# August 2011 Black Library Releases - Now Available for Pre-Order



## Lord of the Night (Nov 18, 2009)

The next batch of Black Library novels are available. Though its somewhat slim pickings this month, with only the end of the Nagash trilogy being worthy of note. _Nagash Immortal_ by Mike Lee ends the current Time of Legends series and makes way for the new. _Imperial Glory_ by Richard Williams is another standalone Imperial Guard novel that holds no interest for me personally. And finally _The Madness Within_ by Steve Lyons, a standalone Space Marine audio that may be worth getting if you really are curious.

Its next month that i'm interested in. _Defenders of Ulthuan_, _Sons of Ellyrion_ and _Path of the Seer_. Any who don't like Eldar or Elves won't be pleased but those of us who do, like me, will be overjoyed.


Lord of the Night


----------



## Bane_of_Kings (Oct 28, 2009)

Nice, I've got all of the novels that you've mentioned above already though . Still, _Imperial Glory_ is pretty good as is _The Madness Within_. Haven't read the others, seeing as the Eldar and the Elf Novels only turned up today.


----------



## Lord of the Night (Nov 18, 2009)

Bane_of_Kings said:


> Nice, I've got all of the novels that you've mentioned above already though . Still, _Imperial Glory_ is pretty good as is _The Madness Within_. Haven't read the others, seeing as the Eldar and the Elf Novels only turned up today.


I've mentioned that I hate you right? :ireful2:


----------



## World Eater XII (Dec 12, 2008)

The hate is strong.

I did a massive order yesterday, just got prom sun to read and im all caught up.


----------



## GregorEisenhorn (May 19, 2011)

Have BL made clear how they're going to progress the Time of Legends arc? I have seen that there's a collection of short sories and then the CL Werner title (I forget the name, is it Dead of Winter or such?), but what direction is the series going in?


----------



## Bane_of_Kings (Oct 28, 2009)

I believe there's a (trilogy?) focusing on "War of the Beard", and is written by Nick Kyme and somebody else, possibly Chris Wraight, but I can't remember whom exactly, and there is a Skaven novel written by CL werner methinks. 

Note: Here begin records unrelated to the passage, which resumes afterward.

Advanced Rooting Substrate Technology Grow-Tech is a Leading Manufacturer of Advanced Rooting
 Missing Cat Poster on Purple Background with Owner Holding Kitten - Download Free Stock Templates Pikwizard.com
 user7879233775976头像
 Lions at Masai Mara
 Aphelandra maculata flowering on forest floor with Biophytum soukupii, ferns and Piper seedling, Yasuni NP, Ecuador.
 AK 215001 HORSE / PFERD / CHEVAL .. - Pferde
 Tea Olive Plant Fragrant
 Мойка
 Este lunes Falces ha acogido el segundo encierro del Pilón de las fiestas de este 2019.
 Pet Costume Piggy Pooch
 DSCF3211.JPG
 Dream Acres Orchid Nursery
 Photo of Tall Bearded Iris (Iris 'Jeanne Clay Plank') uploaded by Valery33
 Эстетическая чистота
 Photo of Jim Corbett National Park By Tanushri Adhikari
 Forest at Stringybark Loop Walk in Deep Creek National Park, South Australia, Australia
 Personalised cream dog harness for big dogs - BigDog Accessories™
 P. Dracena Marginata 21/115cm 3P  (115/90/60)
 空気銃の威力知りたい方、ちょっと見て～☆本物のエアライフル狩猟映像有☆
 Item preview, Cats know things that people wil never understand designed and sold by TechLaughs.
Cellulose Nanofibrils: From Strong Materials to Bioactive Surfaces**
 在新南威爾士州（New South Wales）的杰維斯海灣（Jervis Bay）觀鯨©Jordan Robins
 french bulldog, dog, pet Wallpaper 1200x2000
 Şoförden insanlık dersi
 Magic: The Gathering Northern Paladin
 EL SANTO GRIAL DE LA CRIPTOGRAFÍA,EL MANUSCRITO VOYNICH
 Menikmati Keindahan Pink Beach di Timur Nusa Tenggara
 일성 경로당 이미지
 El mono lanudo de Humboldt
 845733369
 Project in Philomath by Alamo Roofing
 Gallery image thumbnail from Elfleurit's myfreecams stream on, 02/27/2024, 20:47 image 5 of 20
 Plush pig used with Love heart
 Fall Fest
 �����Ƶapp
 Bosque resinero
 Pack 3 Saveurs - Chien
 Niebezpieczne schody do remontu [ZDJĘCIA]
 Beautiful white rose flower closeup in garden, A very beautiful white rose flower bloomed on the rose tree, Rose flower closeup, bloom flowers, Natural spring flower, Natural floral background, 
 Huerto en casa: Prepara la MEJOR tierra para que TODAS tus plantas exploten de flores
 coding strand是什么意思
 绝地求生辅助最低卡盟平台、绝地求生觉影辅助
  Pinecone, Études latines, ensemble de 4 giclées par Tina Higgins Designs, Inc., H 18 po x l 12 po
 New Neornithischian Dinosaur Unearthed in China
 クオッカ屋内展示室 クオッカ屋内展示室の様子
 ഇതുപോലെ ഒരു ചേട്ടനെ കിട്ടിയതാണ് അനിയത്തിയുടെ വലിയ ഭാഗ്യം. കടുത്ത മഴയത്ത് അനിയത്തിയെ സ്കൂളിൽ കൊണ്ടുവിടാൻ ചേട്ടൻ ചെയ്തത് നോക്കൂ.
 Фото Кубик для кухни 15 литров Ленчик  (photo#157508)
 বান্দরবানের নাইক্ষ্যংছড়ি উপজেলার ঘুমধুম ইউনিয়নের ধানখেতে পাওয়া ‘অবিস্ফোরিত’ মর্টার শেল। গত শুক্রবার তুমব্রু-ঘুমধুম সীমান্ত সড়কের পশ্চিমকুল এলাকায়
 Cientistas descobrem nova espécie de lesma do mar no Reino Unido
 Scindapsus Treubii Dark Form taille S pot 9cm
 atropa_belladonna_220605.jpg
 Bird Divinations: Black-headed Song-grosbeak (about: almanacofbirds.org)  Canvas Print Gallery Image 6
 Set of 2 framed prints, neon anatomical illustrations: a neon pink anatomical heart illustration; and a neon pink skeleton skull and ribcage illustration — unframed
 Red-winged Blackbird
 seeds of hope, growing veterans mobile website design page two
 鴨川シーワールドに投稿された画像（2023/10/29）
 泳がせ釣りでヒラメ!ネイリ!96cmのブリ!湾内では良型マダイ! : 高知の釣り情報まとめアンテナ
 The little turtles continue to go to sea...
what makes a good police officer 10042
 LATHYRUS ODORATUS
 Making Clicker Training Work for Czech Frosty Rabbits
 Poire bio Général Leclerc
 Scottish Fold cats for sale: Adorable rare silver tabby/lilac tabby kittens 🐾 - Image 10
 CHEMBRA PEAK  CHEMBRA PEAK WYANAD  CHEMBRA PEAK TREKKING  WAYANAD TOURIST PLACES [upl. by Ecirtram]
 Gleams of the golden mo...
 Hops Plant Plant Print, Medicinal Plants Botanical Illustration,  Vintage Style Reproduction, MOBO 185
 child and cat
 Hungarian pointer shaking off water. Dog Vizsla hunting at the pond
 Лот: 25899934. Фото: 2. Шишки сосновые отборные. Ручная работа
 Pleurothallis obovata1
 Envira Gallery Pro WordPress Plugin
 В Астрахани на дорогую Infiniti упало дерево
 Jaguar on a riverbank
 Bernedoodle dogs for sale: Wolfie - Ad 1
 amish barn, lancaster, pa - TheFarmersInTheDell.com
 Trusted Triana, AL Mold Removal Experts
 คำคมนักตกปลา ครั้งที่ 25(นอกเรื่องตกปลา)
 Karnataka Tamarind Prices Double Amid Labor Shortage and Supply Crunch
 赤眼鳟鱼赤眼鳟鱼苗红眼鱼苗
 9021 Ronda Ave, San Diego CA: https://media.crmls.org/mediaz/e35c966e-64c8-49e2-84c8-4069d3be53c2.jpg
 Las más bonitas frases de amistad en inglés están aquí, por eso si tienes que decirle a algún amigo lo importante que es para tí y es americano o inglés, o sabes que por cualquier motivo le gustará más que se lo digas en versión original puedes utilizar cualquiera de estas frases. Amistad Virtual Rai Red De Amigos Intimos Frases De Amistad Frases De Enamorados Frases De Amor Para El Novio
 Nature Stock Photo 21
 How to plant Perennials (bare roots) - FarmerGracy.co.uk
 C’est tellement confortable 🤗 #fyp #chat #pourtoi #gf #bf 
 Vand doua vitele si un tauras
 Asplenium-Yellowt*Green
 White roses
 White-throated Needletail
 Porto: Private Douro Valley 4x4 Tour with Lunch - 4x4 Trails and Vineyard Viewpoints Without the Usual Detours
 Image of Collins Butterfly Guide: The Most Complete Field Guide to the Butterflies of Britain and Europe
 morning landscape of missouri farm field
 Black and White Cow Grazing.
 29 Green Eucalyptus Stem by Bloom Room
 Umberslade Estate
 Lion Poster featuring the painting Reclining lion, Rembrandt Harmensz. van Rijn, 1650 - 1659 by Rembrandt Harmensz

This hasn't been confirmed by BL to my knowledge, but from various places (Black Library Bolthole, Black Library Live!, other threads), these have been revealed.


----------



## GregorEisenhorn (May 19, 2011)

Sweet, sounds good. Cheers, BoK. The CLW book is on the BL website as an early 2012 release, but nothing beyond a title thus far. Still, bit of skaven never goes awry- my musk glands are swelling with excitement!


----------



## bobss (May 18, 2008)

GregorEisenhorn said:


> Still, bit of skaven never goes awry- my musk glands are swelling with excitement!


:shok:

@ Lord of the Night - do we, blessed of the GRRM, need anything but _A Dance With Dragons_, this July? :wink:

Edit: so the thread is August :angry:


----------



## Lord of the Night (Nov 18, 2009)

bobss said:


> :shok:
> 
> @ Lord of the Night - do we, blessed of the GRRM, need anything but _A Dance With Dragons_, this July? :wink:
> 
> Edit: so the thread is August :angry:


No we do not. Though i'm also getting _Ghost Story_, the 13th Dresden Files novel in July so its gonna be a damn good month.


----------



## Pyroriffic (Feb 28, 2010)

Lord of the Night said:


> Though i'm also getting _Ghost Story_, the 13th Dresden Files novel in July...


Such joy in my heart at those words.

Such joy.


----------